By 5:15 AM ET (1015 GMT), the benchmark Stoxx 600 index was at 416.46, just off the new record high of 416.60 that it posted earlier in the morning. The U.K. FTSE 100 was up 2.0% as international investors took advantage of a dip in sterling, which paused for breath after a steep rally in the wake of last week’s general election. Mining stocks in particular were supported by data overnight suggesting that the Chinese economy is bottoming out.
The DAX lagged a little, rising only 0.6%. That was due in part to reports that China had threatened Germany with “consequences” if Berlin moves to exclude Huawei from building sensitive 5G telecoms networks.
The gains across the continent were somewhat at odds with ‘flash’ purchasing manager indexes which showed no real sign of improvement in manufacturing activity after a year in which they have tumbled to the lowest levels in a decade.
IHS Markit’s manufacturing PMI for the euro zone fell to 45.9 from 46.9 in November, with both the French and German indexes falling short of expectations. The composite eurozone PMI stayed just in positive territory at 50.6, thanks to slightly better-than-expected contributions from services.
However, that rounded off the weakest quarter for the Eurozone economy since it emerged from recession in 2013.
“Germany’s steep manufacturing downturn has added to the chance of its economy contracting slightly in the fourth quarter, but France is enjoying a more resilient performance, providing a key area of support to help keep the eurozone growing,” IHSMarkit’s Chris Williamson said in a statement.
Although new export orders in the region’s largest economy ticked up slightly, “the ‘green shoots’ narrative remains more a forecast than rooted in actual data,” said Dario Perkins, head of global macro strategy at TS Lombard in London.
Business activity in the U.K. declined in both manufacturing and services in December, according to its flash PMIs. However, those surveys have already been superseded by the election, which has changed investor sentiment toward the world’s most unloved asset class – U.K. equities – almost overnight.

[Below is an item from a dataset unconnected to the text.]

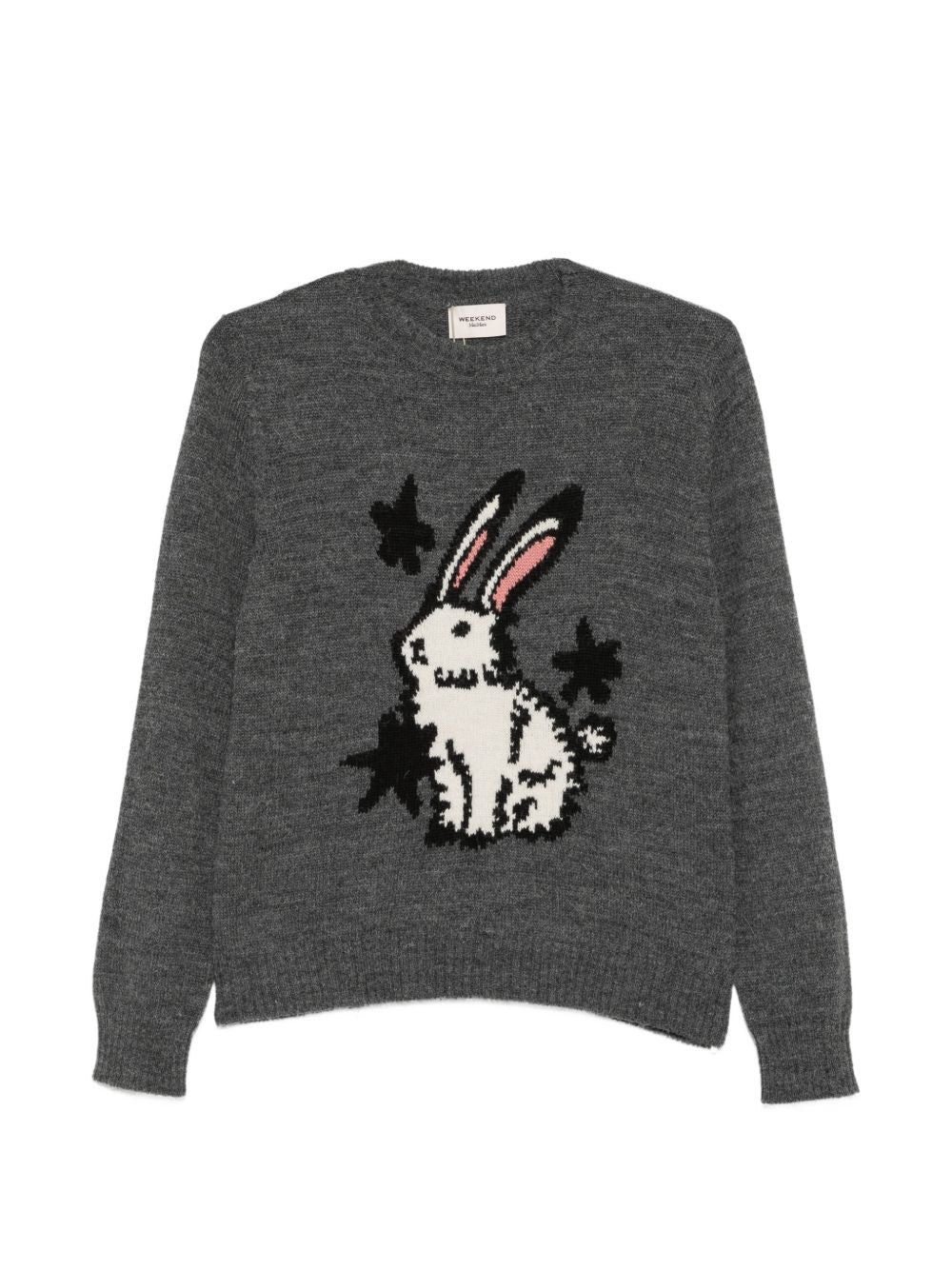 MaxMara Weekend 토끼 모티프 크루넥 맨투맨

Despite the generally positive tone, the most conspicuous individual movements were down: Swedish appliance maker Electrolux (ST:ELUXb) fell 12% after saying that it would incur higher-than-expected costs from moving to new facilities in the U.S. and that cost savings would not be as high next year as it had first forecast. Meanwhile U.K.-based Cineworld (LON:CINE) fell 7.8% after saying it will buy Canada’s biggest operator of movie theaters, Cineplex, for $2.1 billion, in a debt-financed deal that will leave it highly leveraged. On the more positive side, slower-than-expected quarterly sales growth failed to stop fast fashion giant H&M (ST:HMb) rising over 2% to a new one-month high.